There are Vance and Mo, as I said. Nice to see Vance is recovering from his stroke, not nice to see that his public appearances have been so minimal since leaving the Daily Show that evidence of one of my six all-time wikipedia edits are still on his page.
Seriously, you chose cat in tree over porkchop fire? Philistines. Also, ‘apparatuses’ is correct. Go jump in a dumpster, user:Alan_Smithee.
Celebrity Jeopardy non-winner Josh Gad’s not-necessarily-funny loudness was consistent with past appearances despite his cited salary to the contrary (and no longer being as fat). He provided a voice in the animuted film Frozen, which my father has seen but I have not. A few weeks after this show criticizes D. Trump for making his presidential pitch as “I’m rich,” this Gad that I’m supposed to like comes out and yells “Disney money, BITCH!” The difference, of course, is that Josh said “bitch.”
Stacey Grenrock-Woods, whose Daily Show reception was similar to Gad’s, did not appear, but did not appear in Book of Mormon either. She did have many more segments aired, however — 55 in total, if imdb.com is to be believed, and it is not always, since it only lists one for Gad, and I know he appeared at least four times, including this one.
By the roy, I am glad Donald Trump has the attention he is getting. The American republican party has been led by a kangaroo court of irrational loudmouth cartoon characters with no solutions as long as I have been casually acknowledging politics, long before Fox News streamlined our access to it. The party created this opportunity for somebody like Trump, and deserves everything that Trump does with the opportunity, and the party deserves to not be able to control Trump.
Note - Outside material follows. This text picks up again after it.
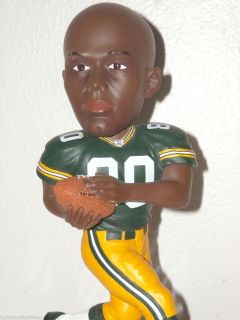 DONALD DRIVER Green Bay Packers Bobble Head 2006 Stadium Exclusive #1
They did not learn anything from Arnold Schwarzenegger or Sarah Palin, and this is the next stage of that. Now that the American public widely supports homosexual rights, believes in evolution and other similarly “blasphemous” endeavors, the republican party has lost Christian moral authority as a means to prop itself up, which is all it ever had, and nobody believes it anymore when it claims it’s actually talking about science instead of religion, either. Without that they just have to get more and more ridiculous to get attention. The Jon Stewart exit aired the same night as the once-recent republican debate… One of these indistinguishable dumb shows that the Daily one had little impact on the continued creation of, interviewed a focus group after the debate, because that’s safer than actually expressing an opinion for yourself, and one member chosen to speak on camera claimed to have formerly been a Trump supporter, but no longer! I cannot think what put the guy off: Trump’s total consistency with past behavior, that made him the party frontrunner and got him in the debate among the sponsored politicians to begin with?
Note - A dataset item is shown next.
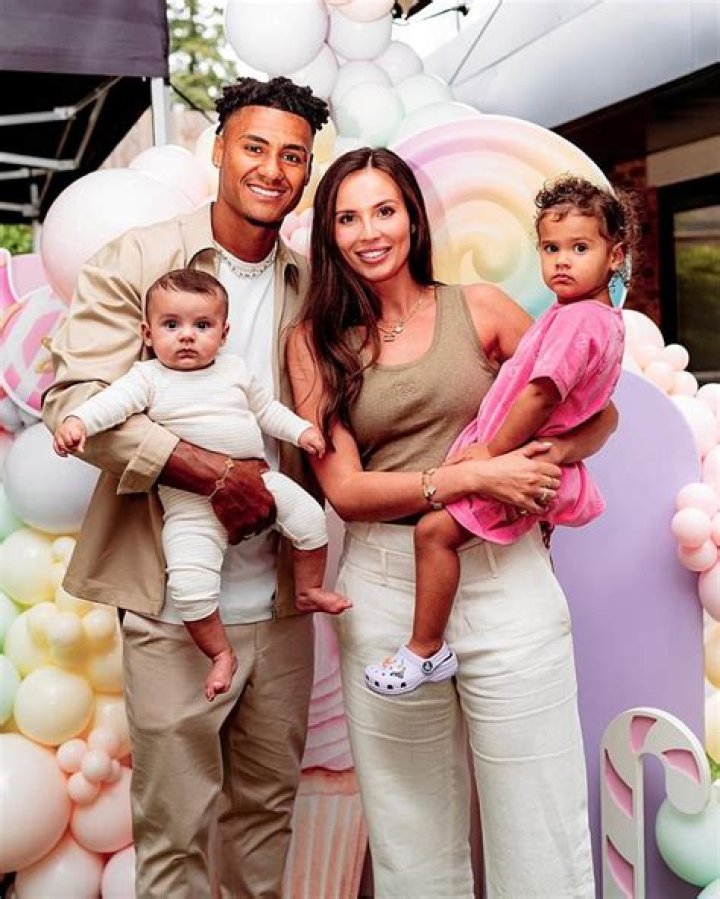 Sammy Watkins Children: Meet Samiah Watkins And Azaria Watkins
I would love for the republican party to self destruct and allow a competent group to take its place and challenge democrats on legitimate topics instead of the some old non-topics both sides mutually agreed to fake-argue about so they could maintain their rubbish party-based electoral college system. Which seems a naive thing to say, and polls don’t amount to a hill of beans in an election over a year away, but I appreciate not knowing exactly what is going to happen next and finding an opening to have naive hopes in.
Back on topic, the less daily-like shows I view, the less aware I will be of polls and therefore the less likely I will feel the need for that manner of interlude.